Valdes Gilmer, Solberg Timothy D, Heskel Marina, Ungar Lyle, Simone Charles B
Department of Radiation Oncology, Perelman Center for Advance Medicine, University of Pennsylvania, Philadelphia, PA, USA.
Phys Med Biol. 2016 Aug 21;61(16):6105-20. doi: 10.1088/0031-9155/61/16/6105. Epub 2016 Jul 27.

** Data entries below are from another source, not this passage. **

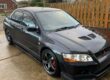 Mitsubishi evolution VII Image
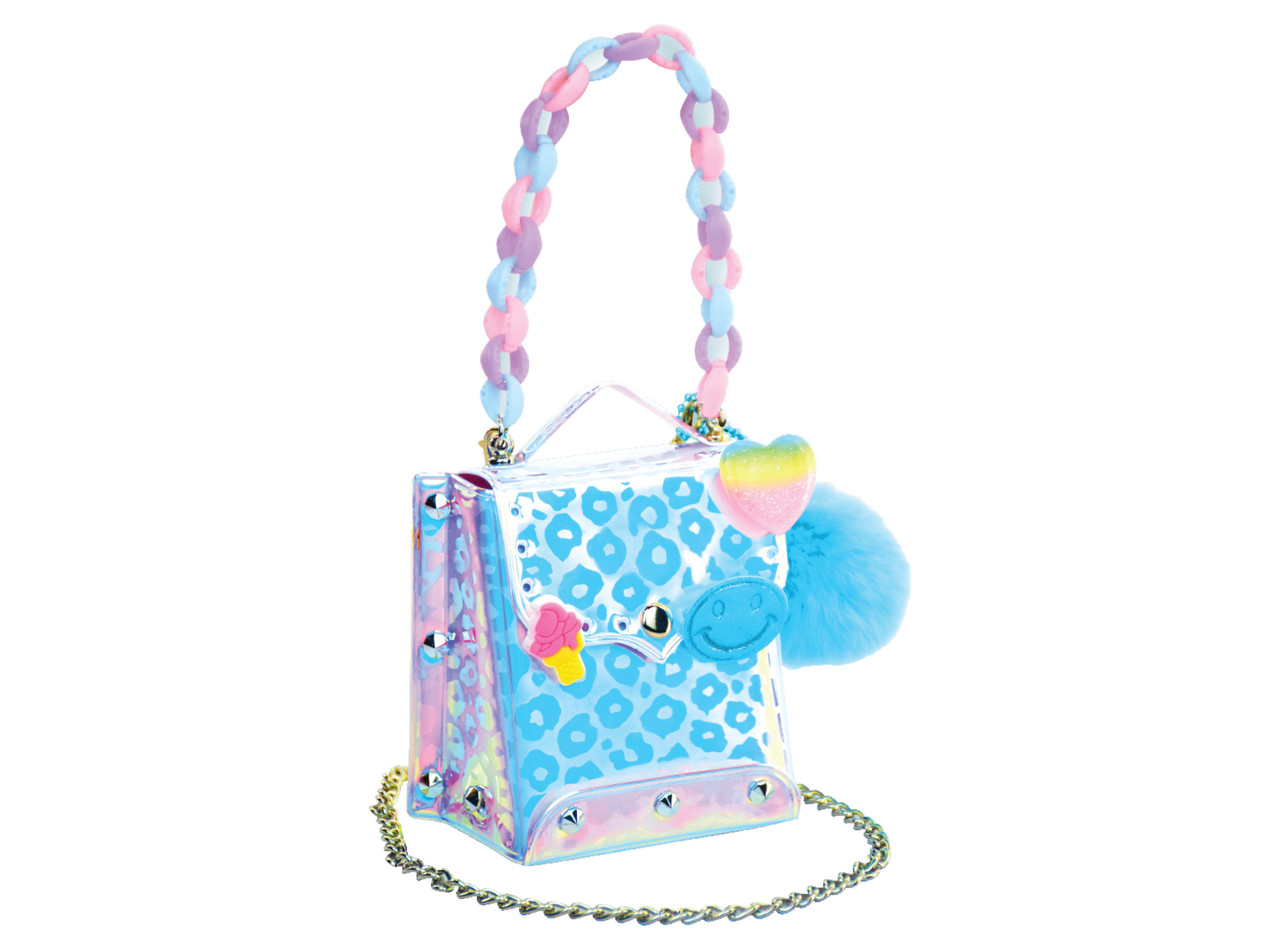 My Vibe DIY Bag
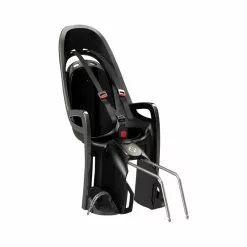 Hamax Kindersitz Caress Zenith Schwarz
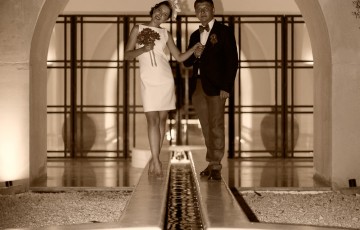 Anassa Hotel Wedding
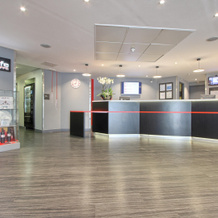 Ibis Paris Nord Porte de Saint Ouen, Saint-Ouen-sur-Seine — photo 2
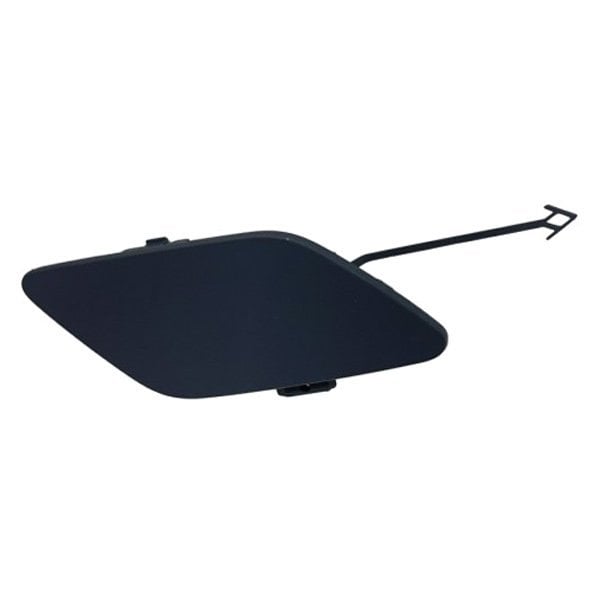 2019-2023 Audi Q3 Front Tow Hook - AU1029110-Partify-Painted-Replacement-Body-Parts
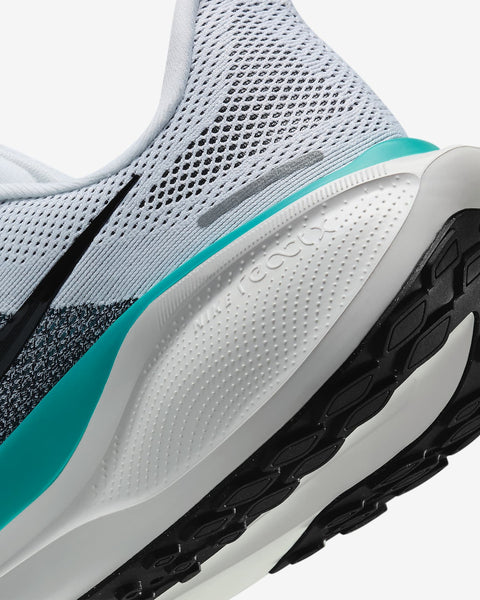 Nike Air Zoom Pegasus 41 "White & Dusty Cactus" – Pantofi sport de alergare – Cod FD2722-103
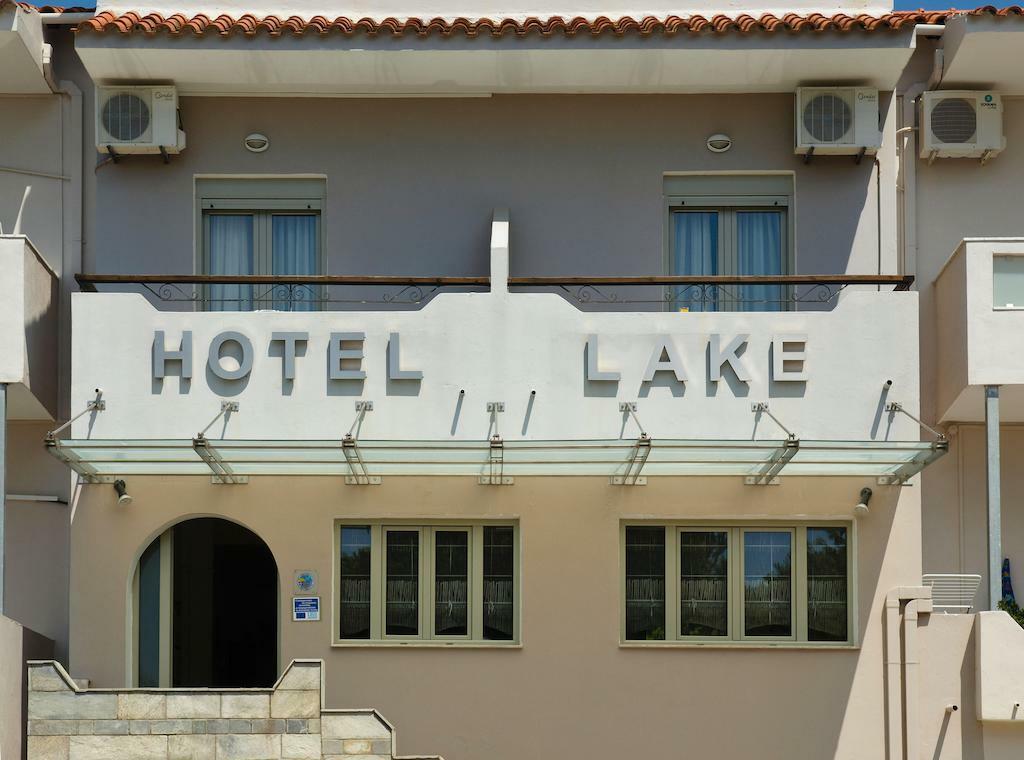Lake Studios Кукунарис Экстерьер фото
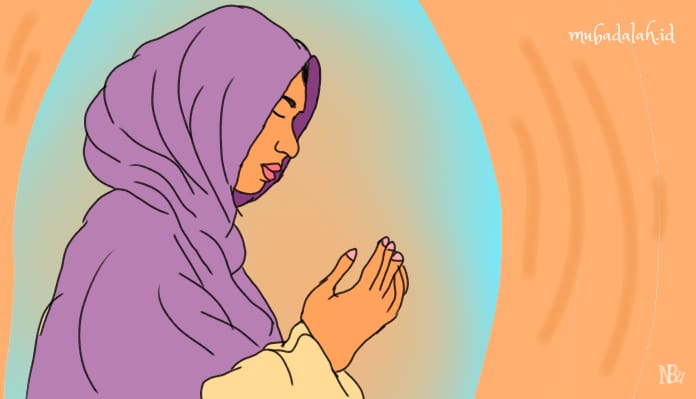 Perempuan Ulama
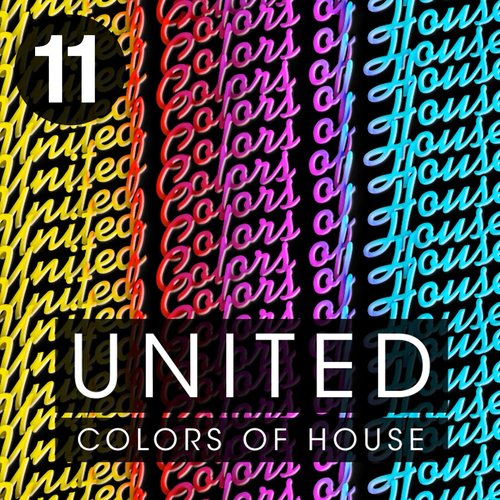 United Colors of House, Vol. 11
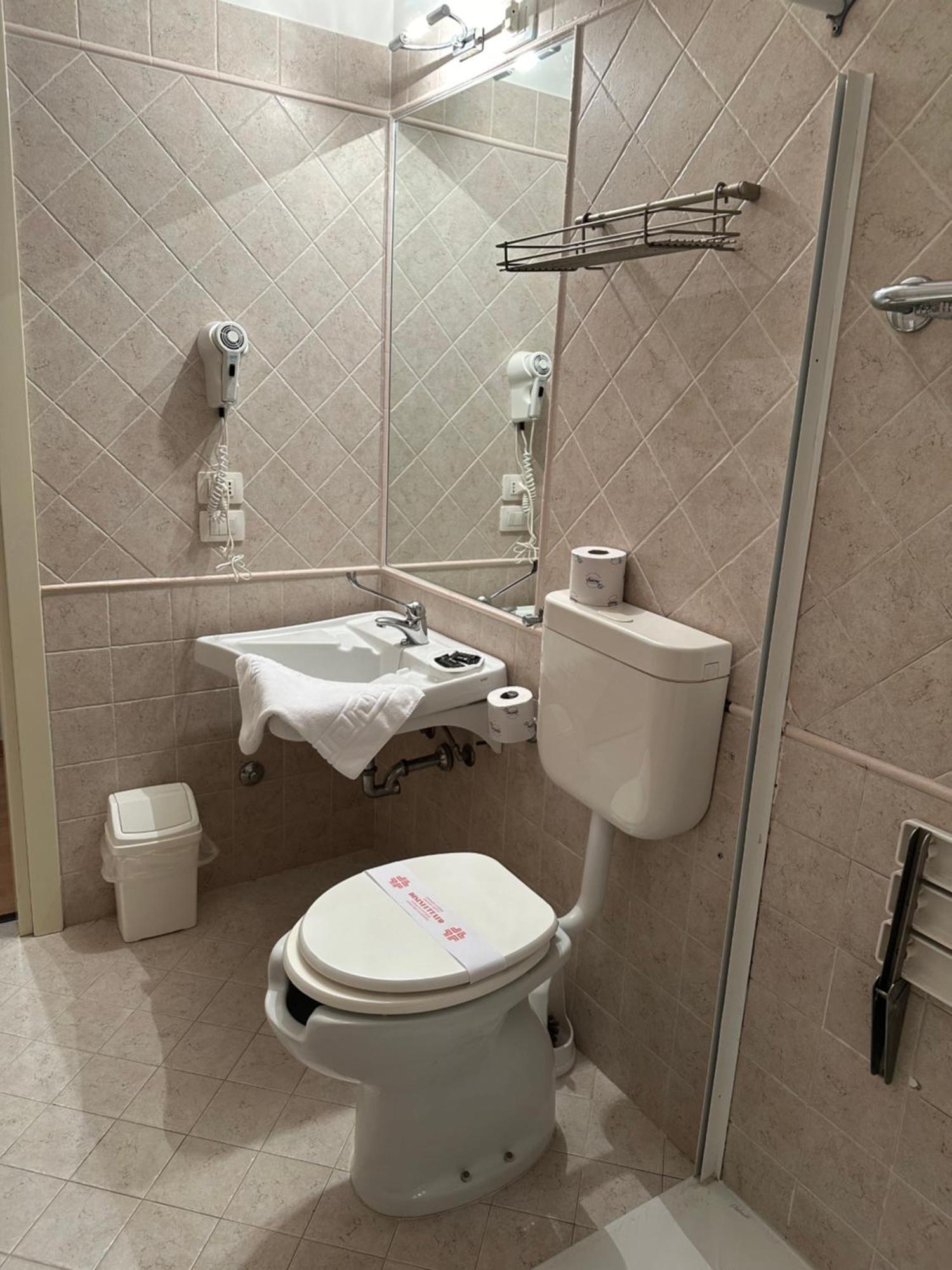 גראדו Nauthotel מראה חיצוני תמונה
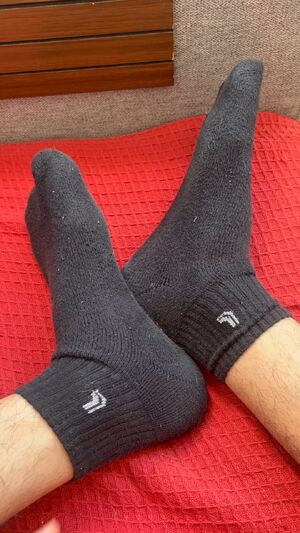 Gay Latino Feet Socks Twink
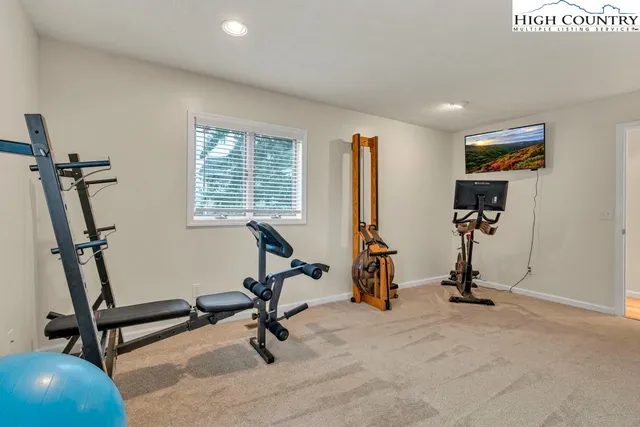 $899,000 | 245 Bella Vista Drive, Boone, NC 28607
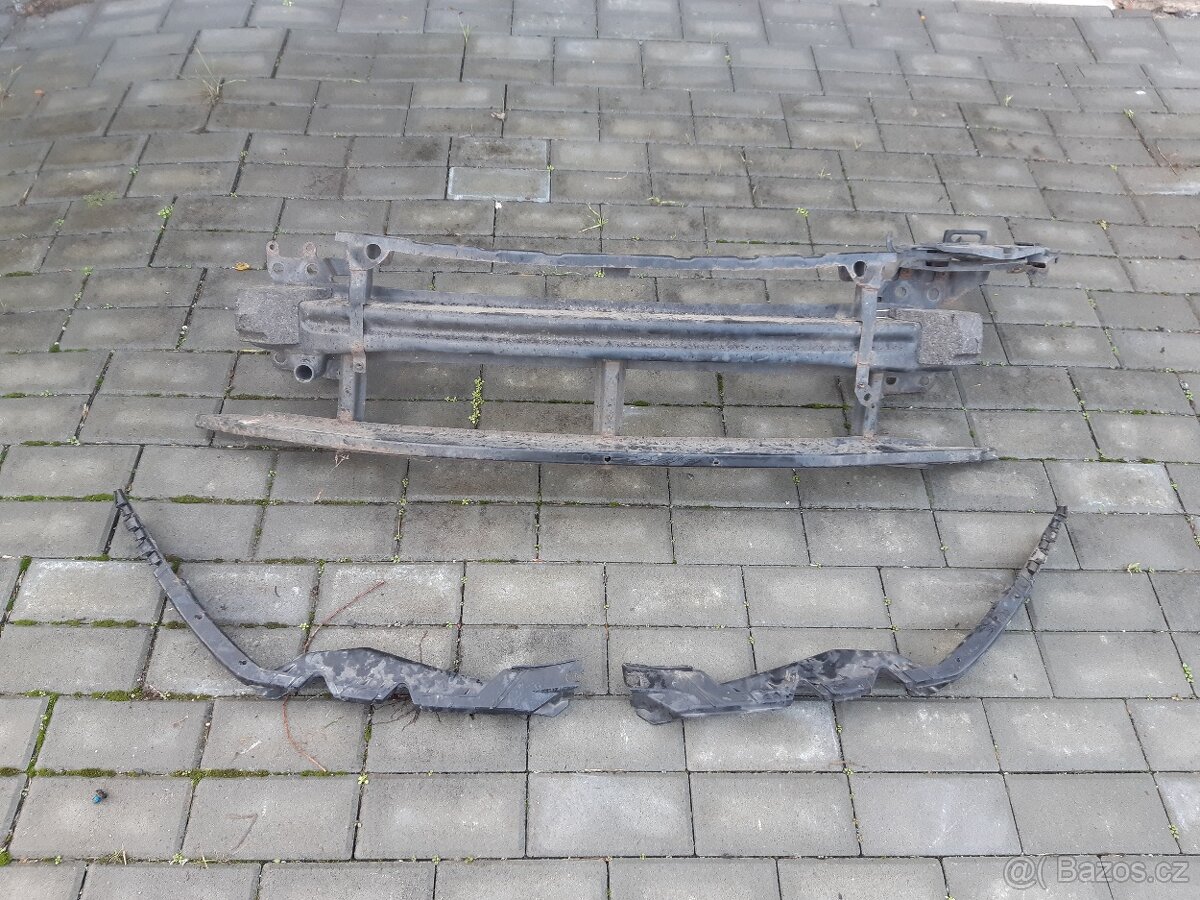 Škoda octavia 2 dily - 4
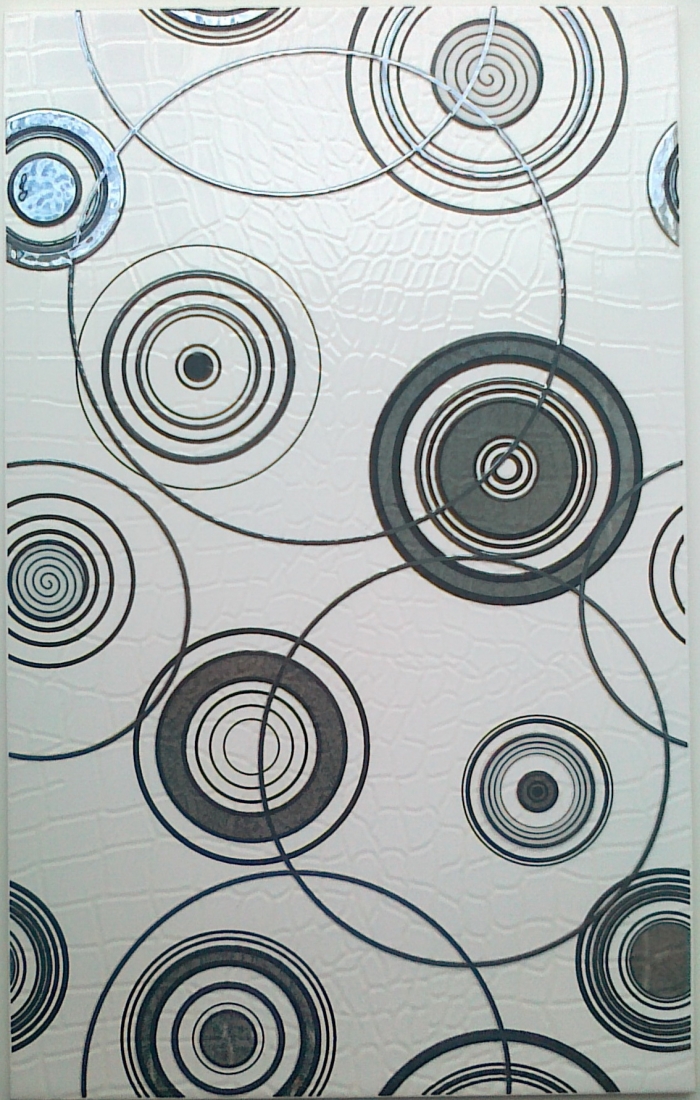 Кайман голден тайл, Декор керамический для коллекций керамической плитки в ассортименте 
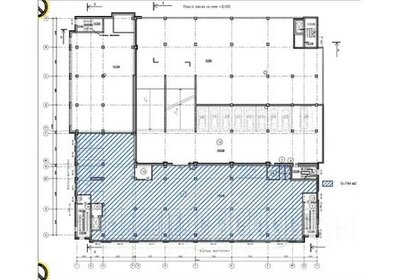 130,5 м², помещение свободного назначения 19 999 000 ₽ - изображение 43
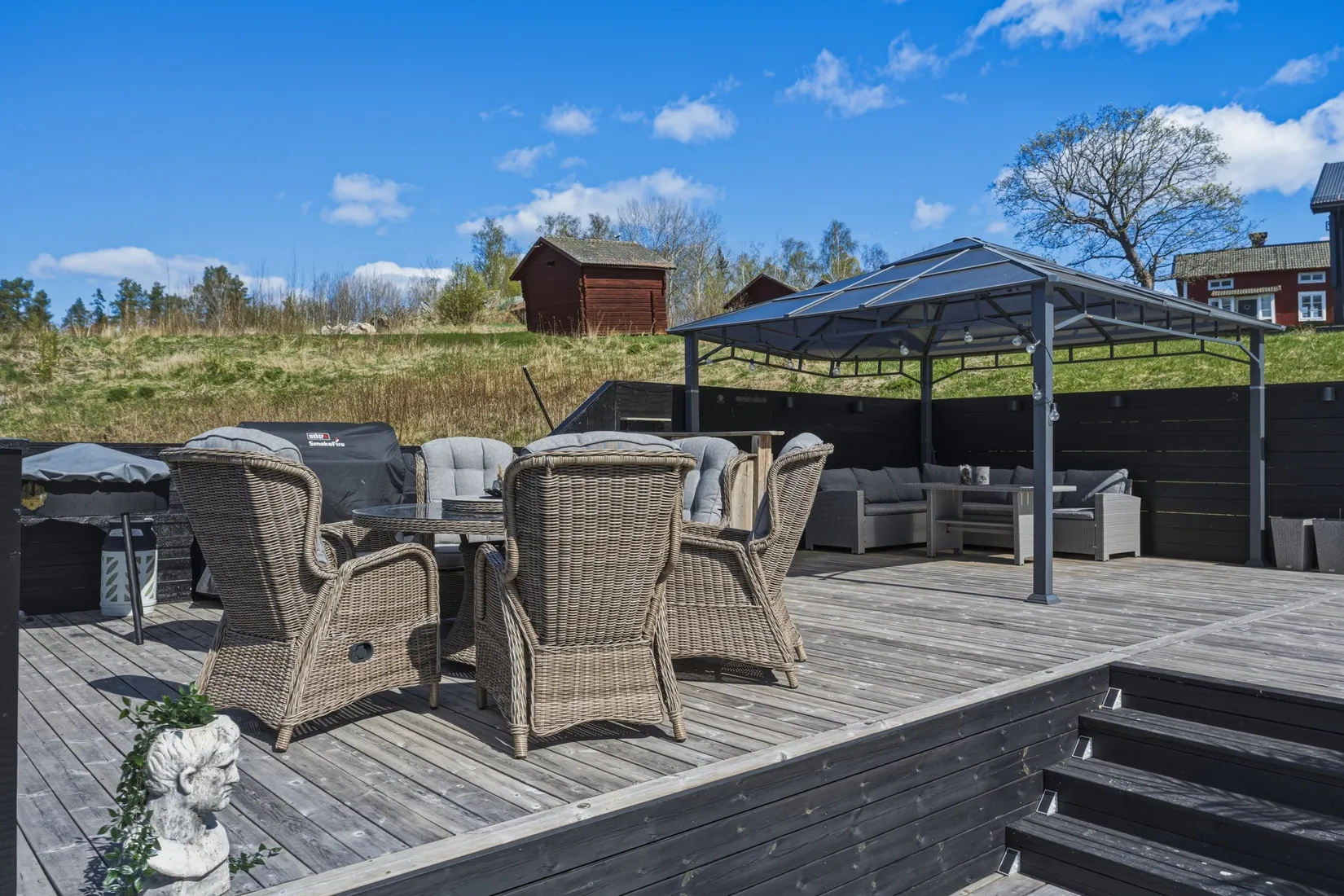 Villa, Dalvik 613, Dalvik, Borlänge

To develop a patient-specific 'big data' clinical decision tool to predict pneumonitis in stage I non-small cell lung cancer (NSCLC) patients after stereotactic body radiation therapy (SBRT). 61 features were recorded for 201 consecutive patients with stage I NSCLC treated with SBRT, in whom 8 (4.0%) developed radiation pneumonitis. Pneumonitis thresholds were found for each feature individually using decision stumps. The performance of three different algorithms (Decision Trees, Random Forests, RUSBoost) was evaluated. Learning curves were developed and the training error analyzed and compared to the testing error in order to evaluate the factors needed to obtain a cross-validated error smaller than 0.1. These included the addition of new features, increasing the complexity of the algorithm and enlarging the sample size and number of events. In the univariate analysis, the most important feature selected was the diffusion capacity of the lung for carbon monoxide (DLCO adj%). On multivariate analysis, the three most important features selected were the dose to 15 cc of the heart, dose to 4 cc of the trachea or bronchus, and race. Higher accuracy could be achieved if the RUSBoost algorithm was used with regularization. To predict radiation pneumonitis within an error smaller than 10%, we estimate that a sample size of 800 patients is required. Clinically relevant thresholds that put patients at risk of developing radiation pneumonitis were determined in a cohort of 201 stage I NSCLC patients treated with SBRT. The consistency of these thresholds can provide radiation oncologists with an estimate of their reliability and may inform treatment planning and patient counseling. The accuracy of the classification is limited by the number of patients in the study and not by the features gathered or the complexity of the algorithm.
开发一种针对个体患者的“大数据”临床决策工具,以预测立体定向体部放射治疗(SBRT)后I期非小细胞肺癌(NSCLC)患者的肺炎。记录了201例接受SBRT治疗的I期NSCLC患者的61项特征,其中8例(4.0%)发生放射性肺炎。使用决策树桩分别为每个特征找到肺炎阈值。评估了三种不同算法(决策树、随机森林、RUSBoost)的性能。绘制学习曲线并分析训练误差,并与测试误差进行比较,以评估获得小于0.1的交叉验证误差所需的因素。这些因素包括添加新特征、增加算法复杂度、扩大样本量和事件数量。在单变量分析中,选择的最重要特征是肺一氧化碳弥散量(DLCO adj%)。在多变量分析中,选择的三个最重要特征是心脏15 cc体积的受量、气管或支气管4 cc体积的受量以及种族。如果使用带正则化的RUSBoost算法,可以实现更高的准确性。为了在误差小于10%的情况下预测放射性肺炎,我们估计需要800例患者的样本量。在一组201例接受SBRT治疗的I期NSCLC患者中确定了使患者有发生放射性肺炎风险的临床相关阈值。这些阈值的一致性可以为放射肿瘤学家提供其可靠性的估计,并可能为治疗计划和患者咨询提供参考。分类的准确性受研究中患者数量的限制,而非所收集的特征或算法的复杂性。